Но понятно, что эта же самая наивность, которая так симпатично обрисовывает душу Лажечникова, не могла не отозваться самым неблагоприятным образом на романе, который вышел образцом прописной морали, паточного взгляда на жизнь и чисто маниловской прогрессивности.
Критика того времени не только не осталась довольна романом как литературным произведением, но даже далеко не вся прониклась верой в искренность прогрессивности автора. Было высказано даже такое несправедливое и неосновательное предположение, что Лажечников хотел подладиться к молодому поколению. Конечно, это говорили люди, плохо знавшие жизнь и литературную деятельность Лажечникова. Но зато авторитетнейший из тогдашних журналов – «Современник», вполне правильно оценивши самый роман, с большой симпатией отнесся к добрым намерениям автора.
«Несмотря на многолетний период своей литературной деятельности, – говорилось в рецензии, – несмотря на то, что в течение этого периода много воды утекло, г. Лажечников всегда оставался верен тем чистым и честным убеждениям, которые проходят сквозь всю его литературную деятельность. Пылкий и восприимчивый юноша (?) двадцатых годов, восторженными красками изображавший любовь пламенного старца Волынского к цыганке Мариорице, он сделался пылким и восприимчивым старцем, восторженными красками изображающим радость, по поводу разных предпринимаемых правительством мер для блага отечества. Добро и зло, проходившие мимо его, не оставляли его равнодушным: первое встречало все его симпатии, второе волновало его. С этой стороны г. Лажечников самая сочувственная молодому поколению личность из всей фаланги старых литераторов».

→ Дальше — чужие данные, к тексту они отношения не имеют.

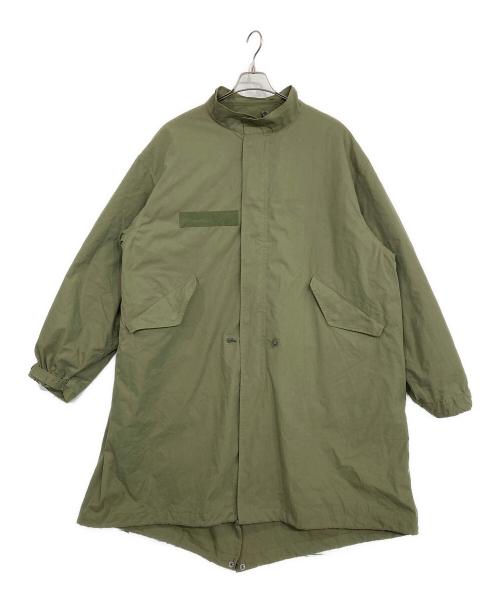 BEAMS HEART（ビームスハート）BEAMS HEART (ビームスハート) 3WAY ビッグシルエット モッズコート カーキ サイズ:Lの古着・服飾アイテム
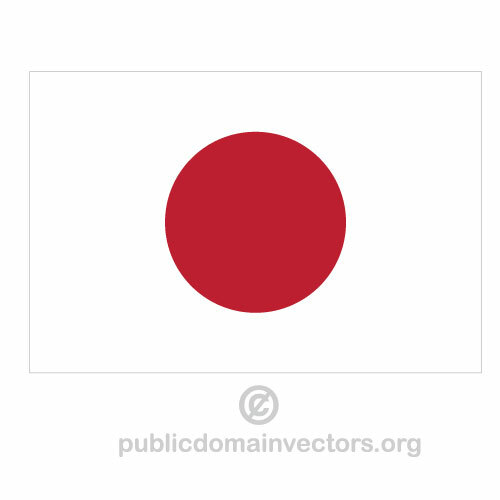 Japanese Flag Clipart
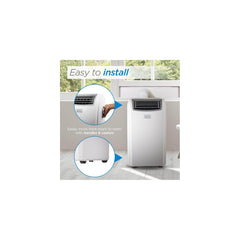 Portable Air Conditioner With Follow Me Remote Control on white background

Вслед за тем рецензент восхищается той «драгоценной искренностью», которой «в замечательной степени обладает г. Лажечников. Он весь виден в своих произведениях; читая его, можно не соглашаться с его образом мыслей, можно даже находить его несколько наивным и отсталым, но нельзя не сказать: это писал честный человек; это писал человек, которому нечего скрываться и не для кого рядиться в шутовские одежды притворных радостей и своекорыстного, скоро удовлетворяющегося либеральничанья» («Современник», 1863 г., № 1–2, стр. 111).
Что сказать о другом романе Лажечникова,– «Внучка панцирного боярина», в котором он старался задеть один из вопросов дня – именно вопрос польский? Лучше всего ничего не сказать. У каждого писателя есть свой lapsus calami. У Белинского была «Бородинская годовщина». Простим же и Лажечникову его «Внучку панцирного боярина», писанную притом, однако же, в простоте душевной. В середине шестидесятых годов, под влиянием только что кончившегося польского восстания, почти во всем русском обществе господствовала узкая ненависть к полякам. Лажечников поддался ей, следовательно, забыл обязанность писателя стать выше предрассудков и слепых страстей – в этом его вина.
Последним произведением Лажечникова была выкроенная из «Басурмана» драма «Матери-соперницы», писанная за год до смерти. Так же как и все почти драматические произведения Лажечникова, она менее всего усиливает его славу.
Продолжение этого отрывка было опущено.